Today I got to the point in my course when I was finally able to teach my students why you see a big lambda every time you start up DrScheme. As I was explaining it, something clicked for me about why the HTDP curriculum works. As has been said many times before, it's not syntax-based, which is definitely good — you don't want your students thinking that they need a new piece of syntax for every problem or that the kinds of syntax available in language X are somehow a mirror of the kinds of problems in computing. But what's not so obvious is that once you're teaching, you start to realize that it's actually small-step semantics-based. Unlike SICP, which doesn't seem to have much of a unifying pedagogical principle, I've started to realize more and more that the secret weapon of HTDP is that you teach the students a simple algebraic-simplification-based view of program evaluation, and then slowly enrich the set of reduction rules in the language and show them what tricks are possible with those new reductions. That's why the introduction of local (a teaching form for introducing internal definitions) becomes a big deal in HTDP, whereas introducing lambda is not all that big of a deal — local is a new kind of reduction rule that adds definitions to the world; lambda on the other hand just follows the same rules we've been using all along.

That's not to say that students don't still need to practice and struggle with both local and lambda to figure out how they tick; that's more of a pragmatics issue. But as far as explaining them, when you get to lambda, you just say, "Remember our rule for how to simplify named functions? You do that here too." Then you do an example or two, and pretty soon people are able to feed you the right answers when you ask what to do next and they've got their first handholds on a concept that might otherwise be very very difficult to grasp.

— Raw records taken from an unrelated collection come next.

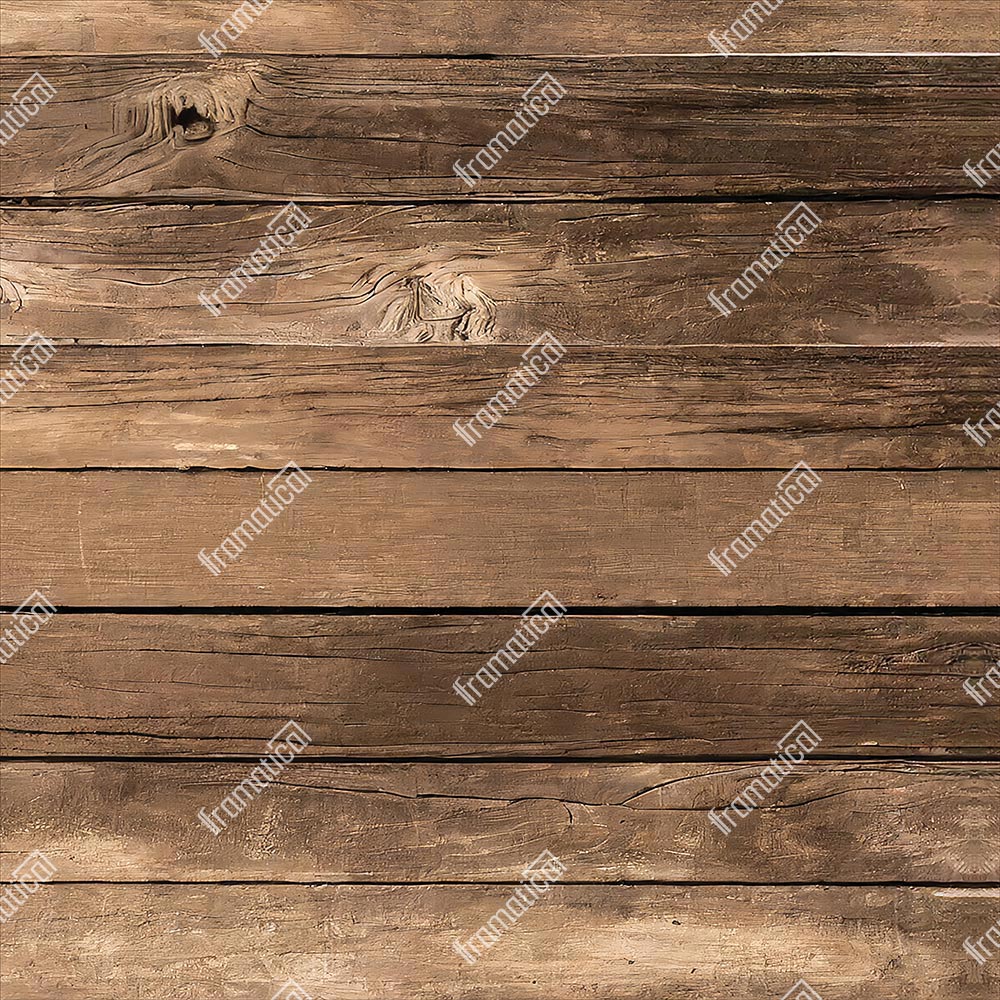 Natural Brown Wood Plank- Horizontal Mat Floor - 3.00m x 1.50m
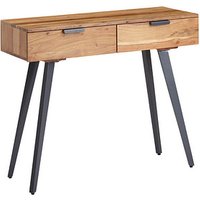 WOHNLING Schreibtisch braun rechteckig, 4-Fuß-Gestell braun 90,0 x 36,0 cm von Wohnling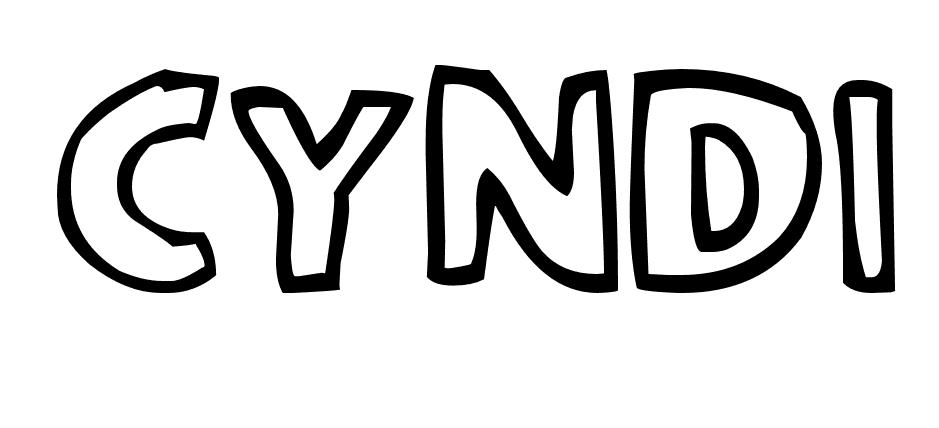 Coloriage Cyndi - Prénom à imprimer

I have appreciated the pragmatics of HTDP, in particular the design-recipe idea, for a long time, and I still have to say that the notion that data leads directly to code is a fantastic first lesson in programming that's underappreciated in most curricula and by many professional programmers. But I hadn't until just today appreciated the powerful impact that taking a very careful look at the semantic model you're teaching your students when you introduce them to programming can have.